“Go Down the Cellar”



Day or night, it was my crown of thorns to
“Go down the cellar”
-- be it for coal or to put a penny in the gas meter.
Bad enough during daylight hours but during the night time
it was sheer terror! There was a cubby-hole halfway down
the cellar steps bereft of door;
from the jet black interior came
the sound of gusts of wind . . . more like sighs --
I never doubted it was a cry for help from lost souls.
Then there was the faint noise of water trickling --
it was said a stream ran parallel with the houses on the street,
and eventually it wound up at the River Mersey.

At night I’d shudder whenever the gaslight grew dim
or the gas stove flames started to sputter. . .
I knew my mother would tell me to “Go down the cellar.”

This would be a terror trip. Speed was of the essence.
First I would twist the Liverpool Echo into one long spill,
thick and sturdy as one of Lady Guinevere’s plaits.
I would light the end, run, trying to outdo the speed of light,
bouncing down the steps, racing past the gurgling cubby-hole,
sliding along the packed dirt floor, holding my Olympic torch.

The gas meter was a dull red cast-iron box, looking very
formidable with a heavy dangling padlock just below
the penny-slot (a sort of warning not to try to steal
from the Liverpool gas company).

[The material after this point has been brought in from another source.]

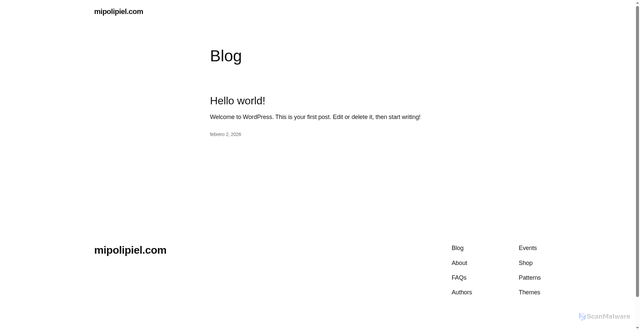 Security scan screenshot of http://mipolipiel.com/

Directly above
was a gas jet without benefit of mantle or globe.
A gas jet that could hiss and spiral two feet in the air,
yet be coaxed into the submission of being
a mere flicker as of a match flame.

Sometimes I would be lucky enough to make it. . . but usually
the paper would burn itself out as soon as I had lit the gas jet.
There’d be the frantic search in the dimness for the penny-slot,
then the precaution of making sure the gas jet was turned off.
I then became a blind girl, groping along damp walls, slithering
on the slippery floor, crawling past cubby-hole on hands and knees.
At last I reached the warmth and comfort of the well-lit kitchen,
although my heart would be pounding like a sledge hammer.

Now, these feats of bravery did not go unrewarded.
Whenever the gas man came and emptied the meter
on the kitchen table, he would stack the pennies in neat
piles, and the “discount” would be handed over to me.

Of course, there was always a catch to these benefits, for,
when there was an emergency, we’d use a foreign coin. . .
These would be deducted from my bonus! You can’t win!